Non-coplanar helimagnetism in the layered van-der-Waals metal DyTe3
Abstract
Magnetic materials with highly anisotropic chemical bonding can be exfoliated to realize ultrathin sheets or interfaces with highly controllable optical or spintronics responses, while also promising novel cross-correlation phenomena between electric polarization and the magnetic texture. The vast majority of these van-der-Waals magnets are collinear ferro-, ferri-, or antiferromagnets, with a particular scarcity of lattice-incommensurate helimagnets of defined left- or right-handed rotation sense, or helicity.
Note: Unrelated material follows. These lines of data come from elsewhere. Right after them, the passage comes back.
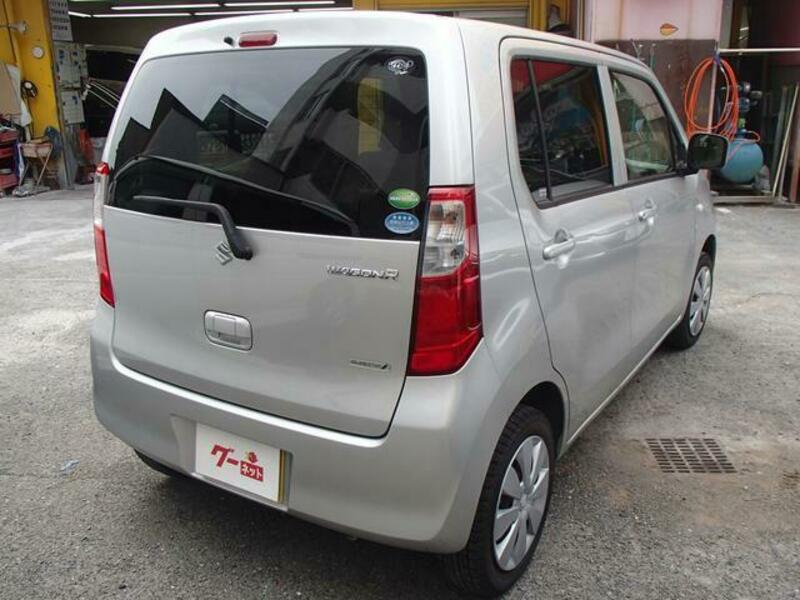 WAGON R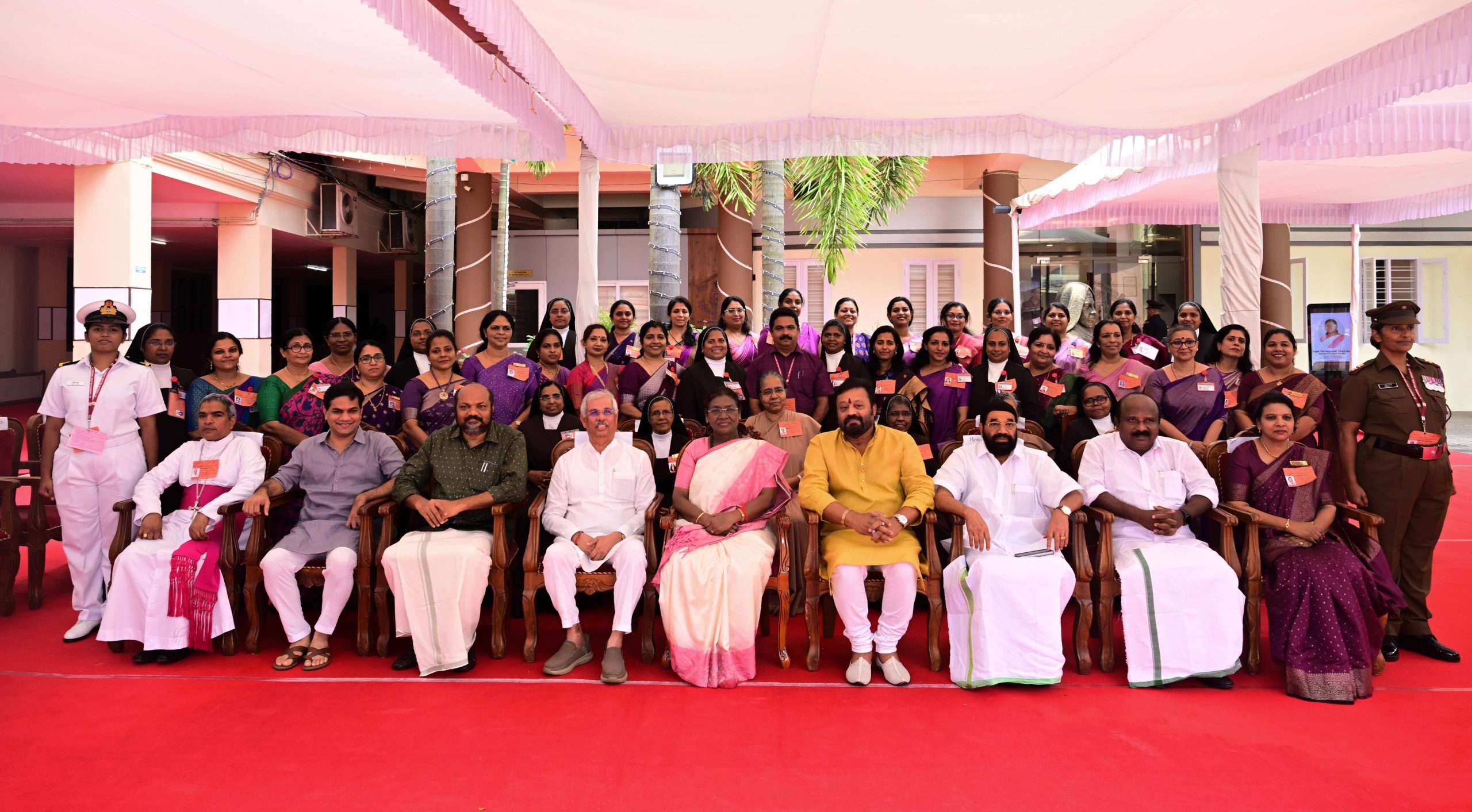 देश को विकासशील बनाने के लिए महिलाओं की भागीदारी अत्यंत आवश्यक: राष्ट्रपति द्रौपदी मुर्मु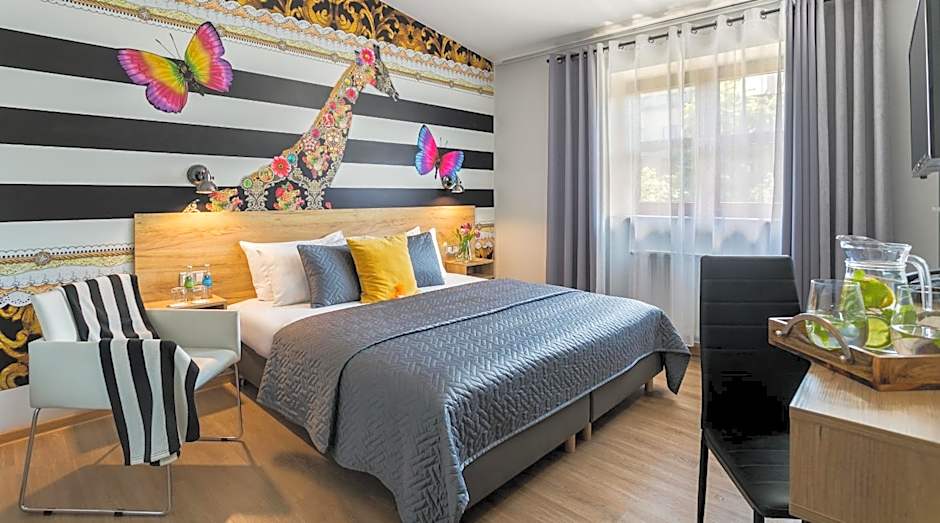 Art & Garden Residence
Here we use polarized neutron scattering to reveal cycloidal, or conical, magnetic structures in DyTe3, with coupled commensurate and incommensurate order parameters, where covalently bonded double-slabs of dysprosium square nets are separated by highly metallic tellurium layers. Based on this ground state and its evolution in a magnetic field as probed by small-angle neutron scattering (SANS), we establish a one-dimensional spin model with off-diagonal on-site terms, spatially modulated by the unconventional charge order in DyTe3. The CDW-driven term couples to antiferromagnetism, or to the net magnetization in applied magnetic field, and creates a complex magnetic phase diagram indicative of competing interactions in an easily cleavable helimagnet. Our work paves the way for twistronics research, where helimagnetic layers can be combined to form complex spin textures on-demand, using the vast family of rare earth chalcogenides and beyond.